This is a rather complex problem, but I'll try to make it easy to understand:
I have three subnets. We'll call them 10.10.0.0/22, 10.20.0.0/22 and 10.30.0.0/16. I have two AD domains, but I don't think that is significant.
10.30.0.x subnet is where most of the machines on my network live. The 10.10 and 10.20 subnets are dedicated to heavy traffic between servers. (Storage and Virtual Machine migration.)
The domain controllers (and DNS servers) have interfaces on all three subnets, so they can authenticate machines on all three subnets. Therefore, we have enabled subnet prioritization on the DNS servers, meaning that they will attempt to order the DNS results with a preference towards the client's subnet. So for example, I make a request from the 10.30 subnet for server.company.com, (which also has interfaces on all three subnets) it will return all three IP addresses for that machine, but it will return them in the order 10.30.0.5, 10.20.0.5, 10.10.0.5. (The last two may be reversed)
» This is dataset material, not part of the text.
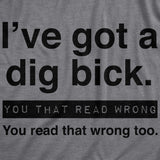 Mens I've Got A Dig Bick You That Read Wrong You Read That Wrong Too Graphic Tee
Everything in DNS seems to be working as expected. My workstation is only on the 10.30 subnet. However, when I ping server.company.com, it always resolves to either 10.20.0.5 or 10.10.0.5, and never to 10.30.0.5. I ran a Wireshark capture of the DNS traffic, and the DNS servers are definitely returning the results in the correct order. However, my client is ignoring the 10.30 entry entirely. It always resolves to 10.20 or 10.10, depending on which is next in the DNS reply. nslookup queries always seem to look correct, but nslookup doesn't actually resolve the query, it only provides the DNS server's answer, which, as far as I can see, is correct.
I'm running Windows 10, with all available Windows Updates. (No insider components) I've confirmed this same behavior on at least four other machines that are running Windows 10, but some other machines running Windows 10 work correctly. I have tested on Windows 8, 7, All recent versions of Server, and several Linux machines, and all resolve correctly. It's only come up on some Windows 10 machines, although I can't conclusively rule out the possibility it's happening elsewhere.
Here's where it gets weird: I can edit the HOSTS file on my machine, and if the 10.30 entry is the only entry for the server, it resolves correctly. But if there are any other options, it will choose that. It doesn't make a difference if the 10.30 entry is first on the list.
And then really weird:
I can RDP to server.company.com just fine, 100% of the time. I open a cmd window and ping or tracert server.company.com, and it resolves to 10.10.0.5. I type mstsc -v:10.10.0.5
and it times out, so it is not reachable at that address. (And it should not be) However, mstsc -v:10.30.0.5
and mstsc -v:server.company.com
actually work, meaning that ping doesn't seem to be using the same resolution mechanism as Microsoft RDP Client. I don't clear my DNS cache, either. In fact, the entries are listed in the correct order when I type ipconfig /displaydns
. Server Manager (RSAT) can seemingly manage the server from my workstation, but Hyper-V manager, cannot. RPC appears to work, but I get strange authentication errors with some functions. For some reason, some applications are just completely skipping over the 10.30 subnet.
Could there be something in Group Policy that tells Windows to de-prioritize certain subnets? All subnets are listed in Active Directory Sites and Services, and I don't think I've done anything fancy there. (There is only one site.) Is there anything else that might cause name resolution to skip a subnet for some reason?
EDIT: I greatly appreciate the advice against multi-homing DCs in Active Directory, however, that was done out of necessity, and I don't believe is a factor in the problem. Wireshark traces show conclusively that the DNS list is coming back in the correct order, with the local subnet as the first entry. However, Windows, and it looks specifically like ICMP, are choosing to ignore that entry and use the second one that is returned. (Unless Windows is using some other means of address resolution, and before you ask, NetBIOS is disabled. :) )